Chapter Summary

Decisive breakthroughs in astronomy and physics in the seventeenth century demolished the medieval synthesis of Aristotelian philosophy and Christian theology. The impact of these scientific breakthroughs on intellectual life was enormous, nurturing a new critical attitude in many disciplines. In addition, an international scientific community arose, and state-sponsored academies, which were typically closed to women, advanced scientific research.

Believing that all aspects of life were open to debate and skepticism, Enlightenment thinkers asked challenging questions about religious tolerance, representative government, and racial and sexual difference. Enlightenment thinkers drew inspiration from the new peoples and cultures encountered by Europeans and devised new ideas about race as a scientific and biological category. The ideas of the Enlightenment inspired absolutist rulers in central and eastern Europe, but real reforms were limited.
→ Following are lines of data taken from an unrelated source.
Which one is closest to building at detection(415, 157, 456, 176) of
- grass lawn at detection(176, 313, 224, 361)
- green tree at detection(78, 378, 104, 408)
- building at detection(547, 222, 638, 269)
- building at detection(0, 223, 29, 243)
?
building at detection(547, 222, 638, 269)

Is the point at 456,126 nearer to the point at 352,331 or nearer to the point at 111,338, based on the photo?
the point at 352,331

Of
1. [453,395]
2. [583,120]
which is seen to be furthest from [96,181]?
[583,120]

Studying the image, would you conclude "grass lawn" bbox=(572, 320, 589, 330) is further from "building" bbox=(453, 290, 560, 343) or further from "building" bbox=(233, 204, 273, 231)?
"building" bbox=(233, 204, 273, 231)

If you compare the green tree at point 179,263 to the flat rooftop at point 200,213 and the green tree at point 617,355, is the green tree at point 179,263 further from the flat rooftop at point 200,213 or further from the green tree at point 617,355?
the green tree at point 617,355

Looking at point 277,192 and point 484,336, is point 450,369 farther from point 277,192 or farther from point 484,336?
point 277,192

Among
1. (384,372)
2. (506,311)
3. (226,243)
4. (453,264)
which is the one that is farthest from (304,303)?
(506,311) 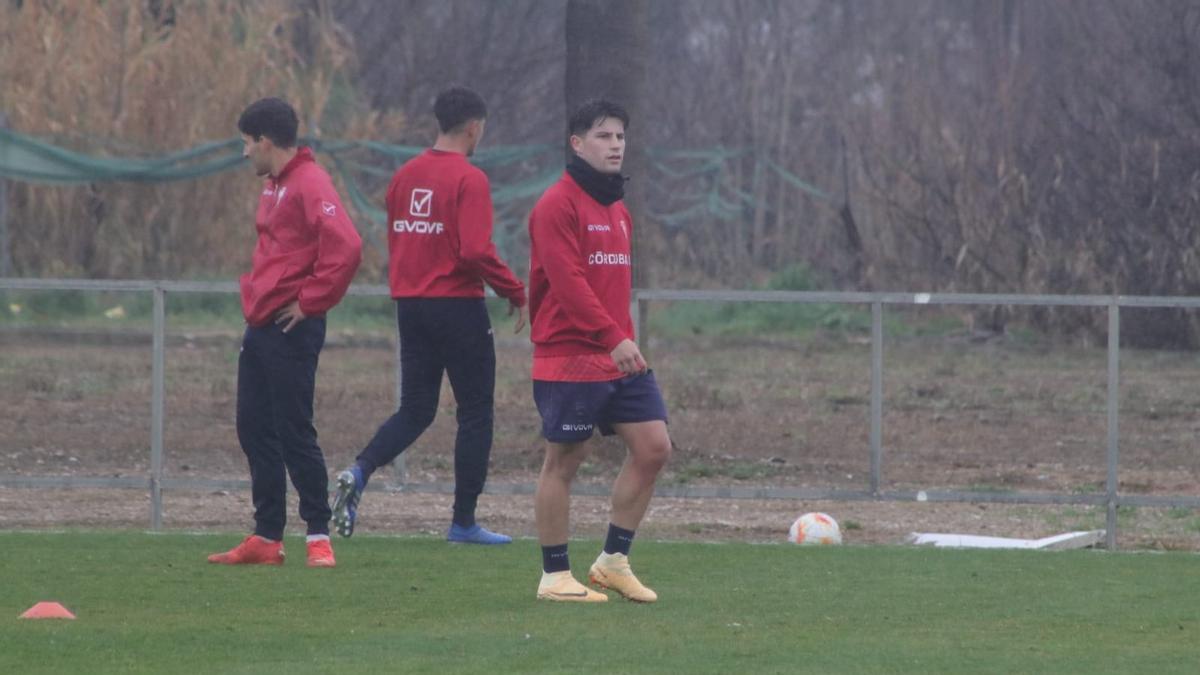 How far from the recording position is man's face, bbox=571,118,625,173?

In the second half of the eighteenth century agricultural reforms helped produce tremendous population growth. Economic growth and urbanization favored the spread of Enlightenment thought by producing a public sphere in which ideas could be debated. The expansion of transatlantic trade made economic growth possible, as did the lowering of prices on colonial goods due to the growth of slave labor. Atlantic trade involved the exchange of commodities among Europe, Africa, and the Americas, but it was also linked with trade in the Indian and Pacific Oceans. The movement of people and ideas across the Atlantic helped shape the identities of colonial inhabitants.